These are stains caused by resin from knots.

To cure this problem you will have to strip the paint from the knot and surrounding area and then paint the area of the knot with knotting solution this will seal the end grain of the knot and prevent subsequent staining.

Reprime the stripped areas of wood and then repaint the whole piece.

  • Is there a different term or phrase for knotting solution in the US? When Your link lists products listed in pounds, and when I search for "knotting solution" on Google virtually all of the results are from UK DIY message boards. Commented Feb 1, 2012 at 20:20
  • @ScottMitchell - Ah - that I wouldn't know. Woodchips mentions shellac and something called Kilz.
    – ChrisF
    Commented Feb 1, 2012 at 20:26
  • 1
    use Binz bulls Eye pigmented shellac. Commented Feb 1, 2012 at 22:48
  • Typically, a lacquer- or shellac-based primer will seal those areas to prevent stains from bleeding into and through the paint. Binz and Zinnser are manufacturers that have stain-covering primers with good reputations in the US, as @shirlockhomes mentioned.
    – Suncat2000
    Commented Mar 8 at 19:45

I'm pretty sure this is bleed-through of knots from underneath the paint. They have the shape of knots, and it looks like what you get when that happens.

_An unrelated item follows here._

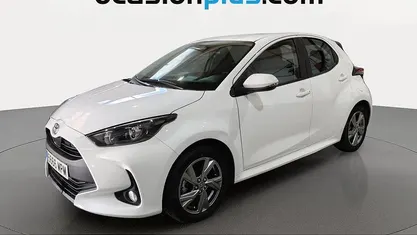 Blanco Usado 2024 Toyota Yaris Hybrid Active Utilitario | 16.591 € (Buen precio)
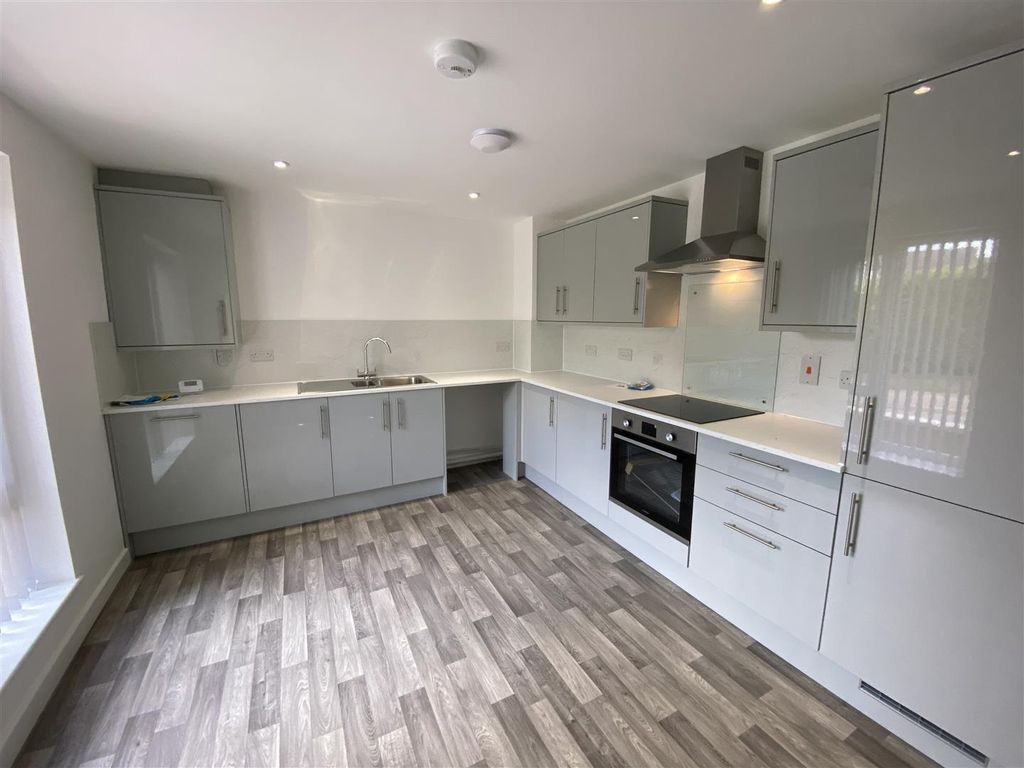 Property photo 2 of 20 Kitchen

If you want to be dead positive (or don't believe me) the only real solution is a scraper. Yes, its a bit on the nuclear side, but it will prove the existence of a knot underneath. Scrape off the paint in that area of wood. Pick an obscure spot to do so. Bring it down to bare wood, and you should see a knot underneath. Since the answer is to use a product like Kilz anyway to intercept the stain from bleeding through again, having to repaint that small area is no real issue.

Why can't you just paint over it? Well, you can, and for a time it will look like it worked, but the stain will come through regular paint. So you need something that a stain can't bleed through. In the old days, one might have used shellac as a stain killer, in fact, I think some stain killer products were based on shellac.